For a full example, take a look at the Example Repository.

If you are actually planning to publish a binary over npm, please see some additional learnings, considerations, and resources to support your technical decisions below:

• Read this excellent write-up by Evan Wallace: PR in esbuild repository "install using optionalDependencies"
  • It brings up a good few points about our manual fallback method. You may want to explore an additional method of downloading your platform-specific packages which involves invoking the user's package manager so eventual options and flags can be forwarded.
  • It outlines a cool optimization where esbuild's postinstall script will replace the JS binary wrapper with the actual binary itself to avoid overhead when running the esbuild command.
• Even with the approach we outlined in this guide, there are still a few things that can go wrong. We recommend you prepare error messages for the following cases:
  • If none of the optionalDependencies packages are found on the file system, we recommend printing a warning that enabling optionalDependencies is recommended for your package.

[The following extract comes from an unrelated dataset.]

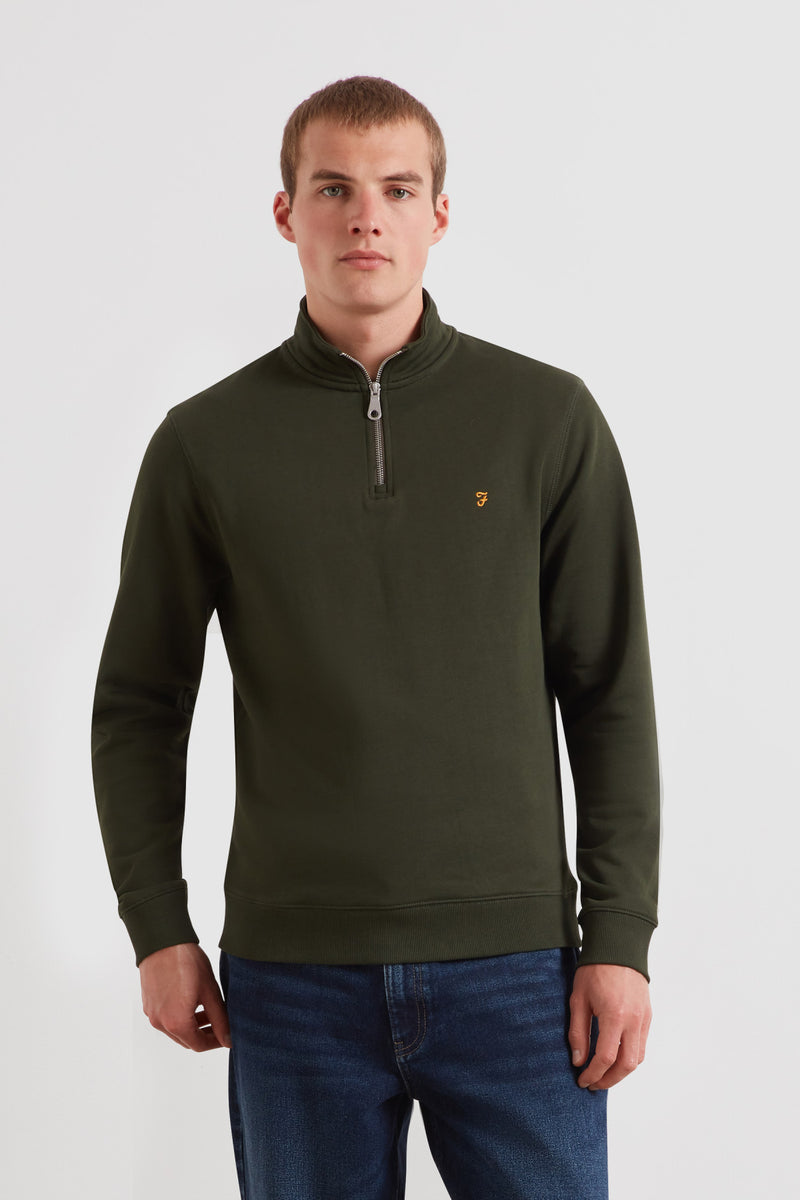 Farah Arnold Quarter Zip Sweatshirt Evergreen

  • If at least one of your platform-specific package is on the user's file system but it is not the correct package for the user's system architecture, it likely means that after installation, the packages were moved from one architecture to another architecture. This usually happens when users move their node_modules into a VM or a docker image.
• We haven't found a reliable way to ship binaries if both optionalDependencies and postinstall scripts are disabled, except for directly including all of the platform-specific binaries in the package.
• Depending on how your package is intended to be used you could run the install script when the package is invoked. This comes with obvious drawbacks like slower start-up times and that your entire API will have to be asynchronous.
• When manually downloading the binary you can store it in a central location to cache for subsequent dependency installations. This can speed up local development and install times for your package's users.
• Don't forget to set the executable bits on your binaries. (Small pitfall: When binaries are uploaded and downloaded over GitHub's upload/download action, the executable flags will be lost.)
• The postinstall script can potentially become annoying for your own development because it will run whenever you install your own (dev) dependencies. You can make your life easier by adding a conditional to the postinstall script that only holds in your dev environment, like, for example, the existence of a specific file or environment variable.